GUESS THE GRID based on clothing choices: drivers assemble an outfit they’d wear and then everyone else tries to guess who picked what. the catch is that the f1a girls did the same challenge and their answers are mixed in as well. everybody thinks doriane’s mercedes-themed picks are george’s and maya gets confused for charles even though there’s no ferrari branding to be seen. chloe’s picked a haas cap with a black skirt and we watch nico hulkenberg go through every emotion known to man trying to figure out why kevin would—???

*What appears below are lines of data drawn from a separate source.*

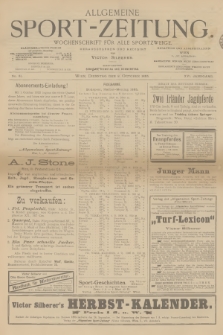 Allgemeine Sport-Zeitung : Wochenschrift für alle Sportzweige. Jg.16, 1895, No. 81
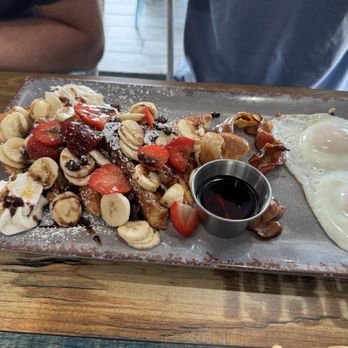 Deniz Mediterranean Cuisine - French Toast Combo - Breakfast & Brunch Near Me - Pittsburgh, Pennsylvania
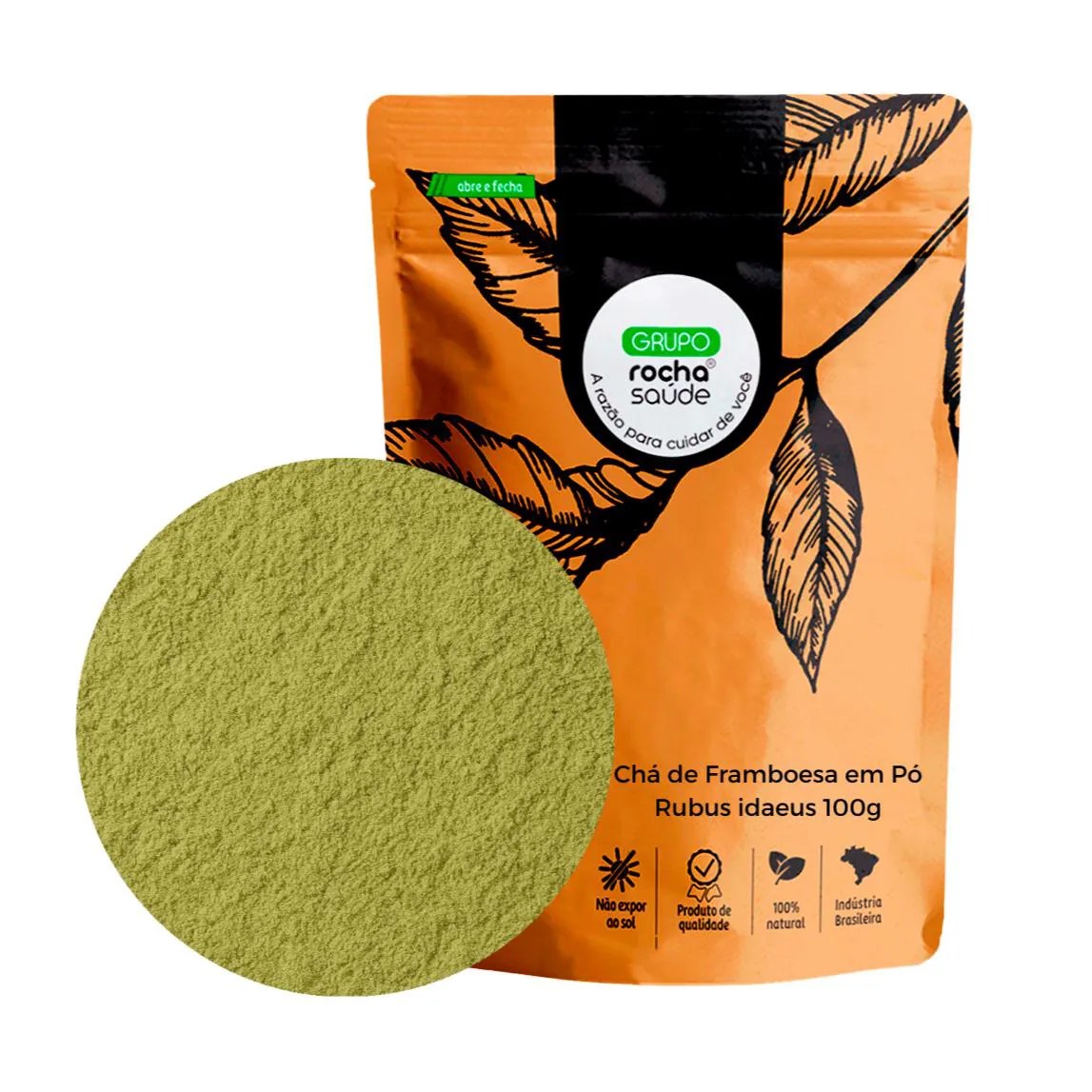 Chá de Framboesa em Pó Rubus Idaeus 100G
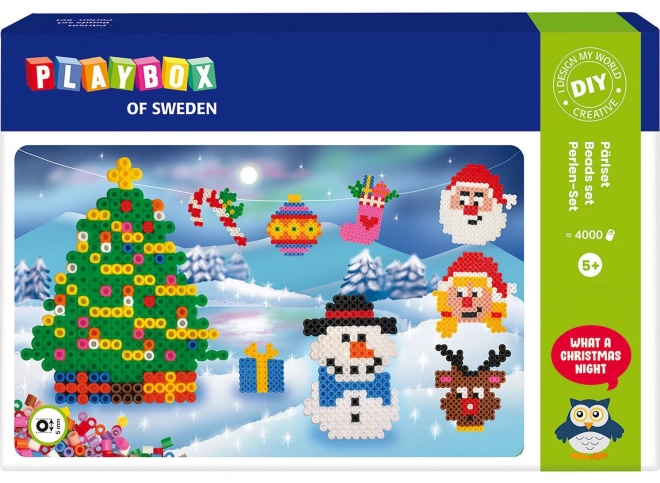 Playbox Strygeperler Sæt Jul 4000 stk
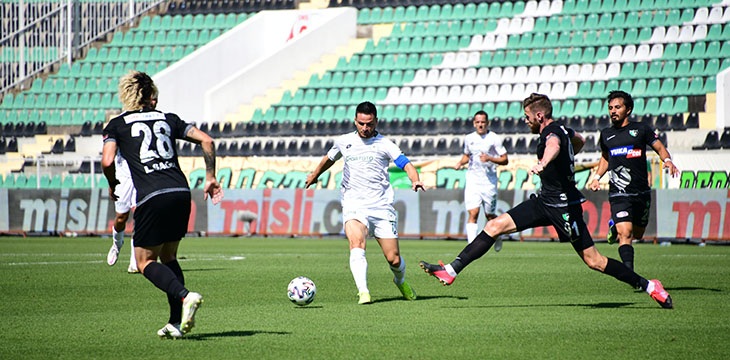 Takımımız Denizli deplasmanından 1 puanla dönüyor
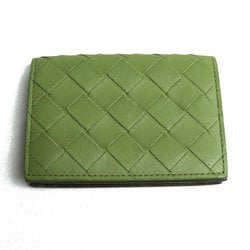 BOTTEGAVENETA Bottega Veneta Intrecciato Business Card Case Green 605720 Men's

(meanwhile the academy grid is absolutely ripping everybody’s style choices to shreds, accusing hamda of being the most basic bitch on the planet bc max chose to wear basketball shorts, etc)
PADDOCK SCAVENGER HUNT
5 teams are in on it and the other 5 can’t know what’s going on, otherwise they lose points. charles pretends that he’s too tired to walk when pierre catches him searching the top of a cabinet on carlos’ shoulders. oscar distracts williams while lando tries to get a picture of logan with red, white and blue objects in the background. yuki gets stranded on top of the rbr motorhome because daniel won’t stop using him for reconnaissance and the whole thing gets called off because max sees them squabbling on the roof and thinks the rapture has arrived.
GEORGE AND ALEX MAKE GRAPHICS
ib george’s natural talent for graphic design. the audience gets to see what a communications team actually does in motorsport (educational!) and george and alex get free reign of the entire library of press photos of eachother. george is hunting for a terrible picture of alex to edit onto a podium but ends up having a very verbal crisis about how none of the pap shots are appropriately bad and then spends the next half an hour digging himself into theeee deepest hole talking about how it’s just not as FUNNY if alex looks TOO GOOD on the podium! it would be UNFAIR! alex is squirming and trying to remember where tf he was planning on going with this zoomed-in great-gatsby-esque picture of george’s eyelids on his screen right now. george silently edits alex’s teeth out of his mouth and tries to erase the fact that he just called alex handsome like 47 times.
MARIO KART SIM RACING
im talking full immersion. sherbet land is ice fucking cold. every time they drive over some kind of giant clock or railroad or something the sim porpoises like a jackhammer. someone is standing behind them with a full tank of water for the splash sections. there’s a legitimate epilepsy warning at the start of the video. bowser puts the fear of god into lando norris.
MAX AND DANIEL DO TEMPORARY TATTOOS
i’m hesitant to allow them access to a bowl of water but i have an extremely clear vision of daniel slapping tats all over the blank spaces on his skin to the point where they overlap and he’s just got shiny plasticky tattoo skin everywhere. max would find this unappealing and also stupid until he realizes all the fake tattoos on his side of the table are replicas of daniel’s actual ones. cut to: daniel with a snake tattoo stuck in his eyebrow hairs hiking his shorts up so max can mirror the placement on his own inner thigh. daniel resembling a concussed post malone, watching max’s careful application of the ‘3’ tattoo. max does a horrible aussie accent and daniel looks like a chimpanzee seeing its own reflection for the first time. cinema.